眾人紛紛點頭,也不斷的夸贊李肇基仁義大度。

「唐沐,你這善後的銀錢處置,何時進行。」有人問到。

唐沐說︰「十月十五號,就選在廣州飛鴻樓,到時候,大掌櫃也就回來了,也不光是諸位,還有澳門的一些佛朗機商人,也會給予一樣的待遇。若是大掌櫃沒有回來,便由劉明德劉掌櫃來進行處置。

大家心安便是,那個金冬瓜,便可鎖在南園的庫房里,我只留兩個人看守。大家以為如何?」

「哎呀呀,你這麼說,倒是讓人覺得老夫信不過你們了。不是那個意思,老夫就是想著,到時候安排掌櫃去會賬。」方才問話的士紳連忙解釋,但誰都知道他這是一套說辭。

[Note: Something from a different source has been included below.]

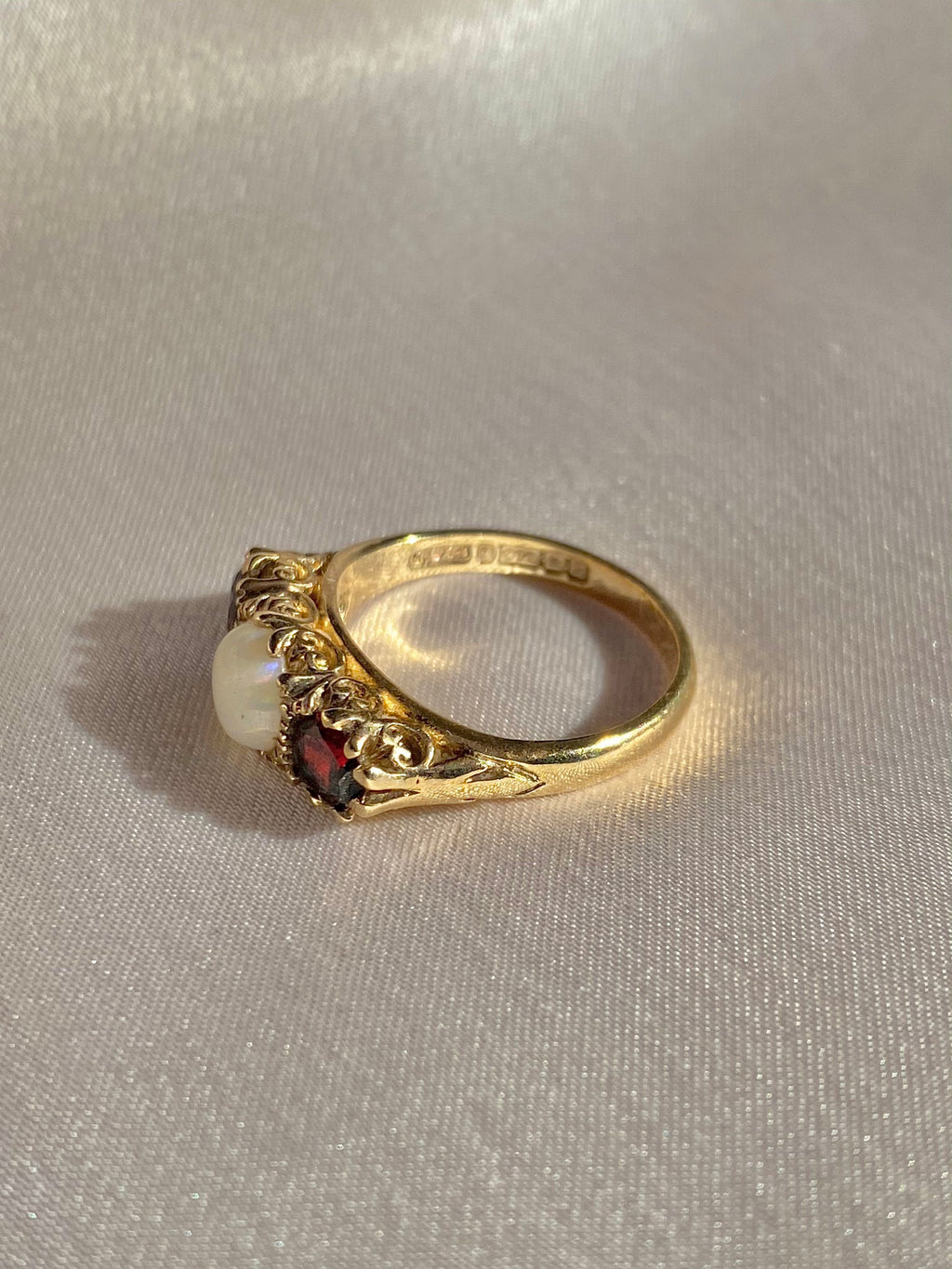 Vintage 9k Garnet Opal Boat Ring 1989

士紳們也沒有提出異議,算起來,這筆賬目以十萬計數,可不是唐沐一個年紀輕輕的親隨可以處置的。

「大公子,請您清出一間庫房來吧。」唐沐說。

「當真要把這金冬瓜暫存南園嗎?如今貴社在海外與倭人對陣,可少不了用銀錢的地方呀。」陳懷仁說。

「這是大掌櫃的安排,要安大家的心。俗話說,大炮一響,黃金萬兩。打仗這種事,多少銀子倒進去,都連渣滓都剩不下來,大掌櫃說,若是金冬瓜在他手里,融了花銷了,可對不住各位。」唐沐起身,沉聲說道。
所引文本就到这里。